#### Your instructions
Omit the images and retype the records verbatim.

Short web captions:
* * * * * * * * *

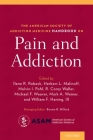 The American Society of Addiction Medicine Handbook on Pain and Addiction Cover Image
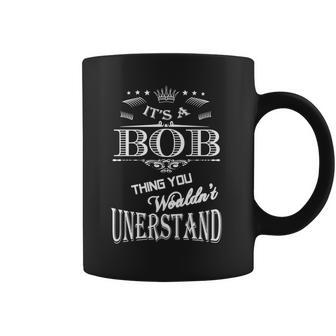 Bob Bob Shirts Bob Hoodie Bob Shirt Bob Tee Coffee Mug - Thegiftio UK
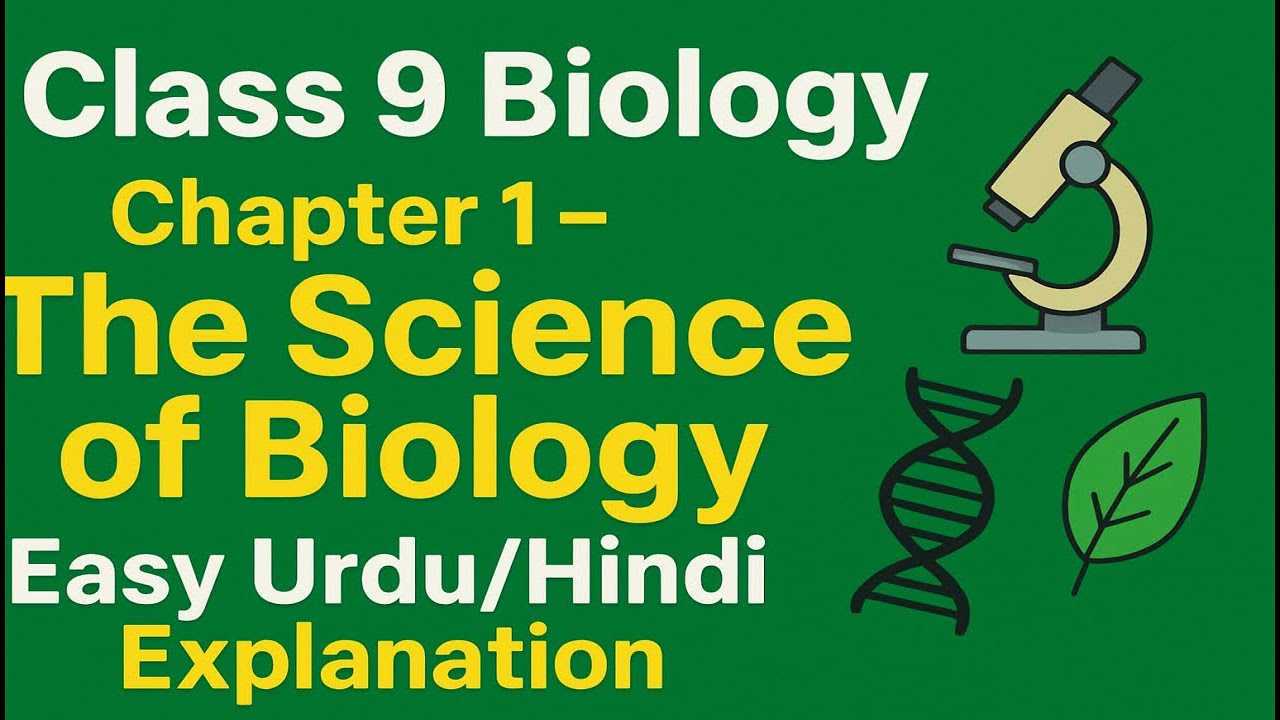 Class 9 Biology Chapter 1 | The Science of Biology | Easy Explanation in Urdu/Hindi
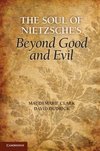 Clark, M: Soul of Nietzsche's Beyond Good and Evil
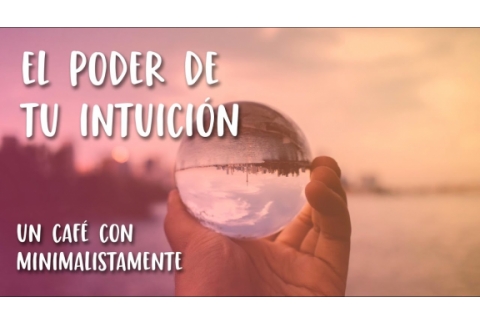 Tu intuición es más poderosa de lo que crees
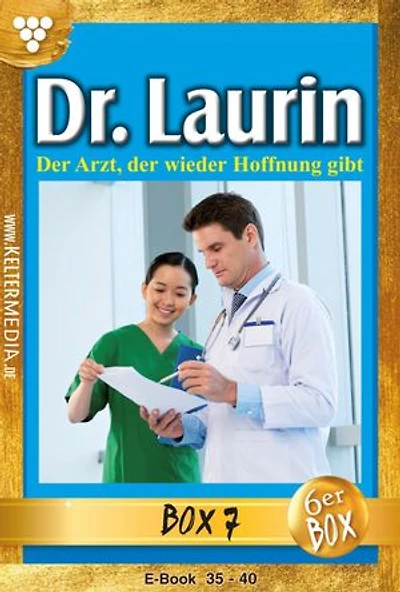 E-Book: 35 - 40: Dr. Laurin Jubiläumsbox 7 – Arztroman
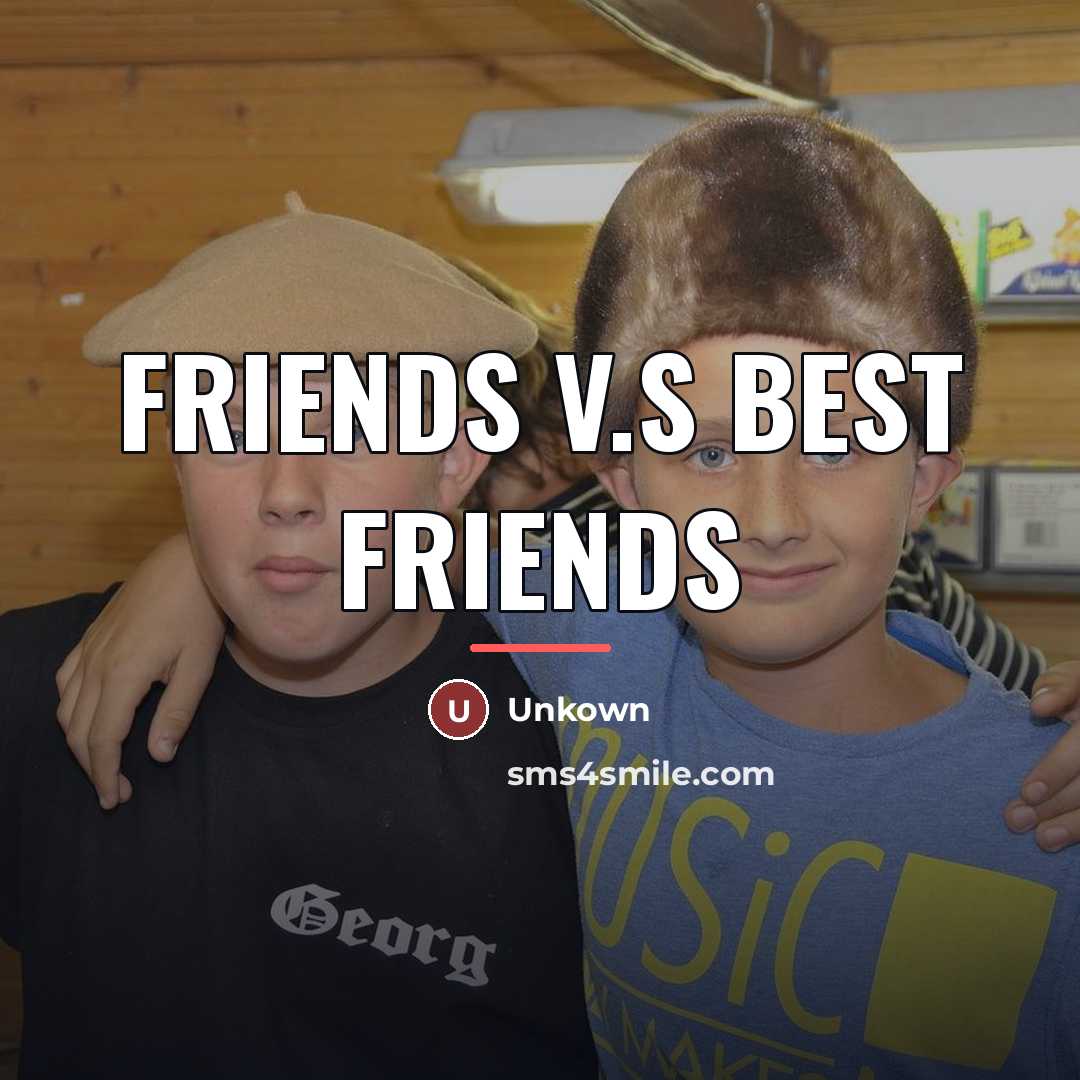 “Friends v.s best friends…” quote by Unkown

* * * * * * * * *

#### Your response
 The American Society of Addiction Medicine Handbook on Pain and Addiction Cover Image
 Bob Bob Shirts Bob Hoodie Bob Shirt Bob Tee Coffee Mug - Thegiftio UK
 Class 9 Biology Chapter 1 | The Science of Biology | Easy Explanation in Urdu/Hindi
 Clark, M: Soul of Nietzsche's Beyond Good and Evil
 Tu intuición es más poderosa de lo que crees
 E-Book: 35 - 40: Dr. Laurin Jubiläumsbox 7 – Arztroman
 “Friends v.s best friends…” quote by Unkown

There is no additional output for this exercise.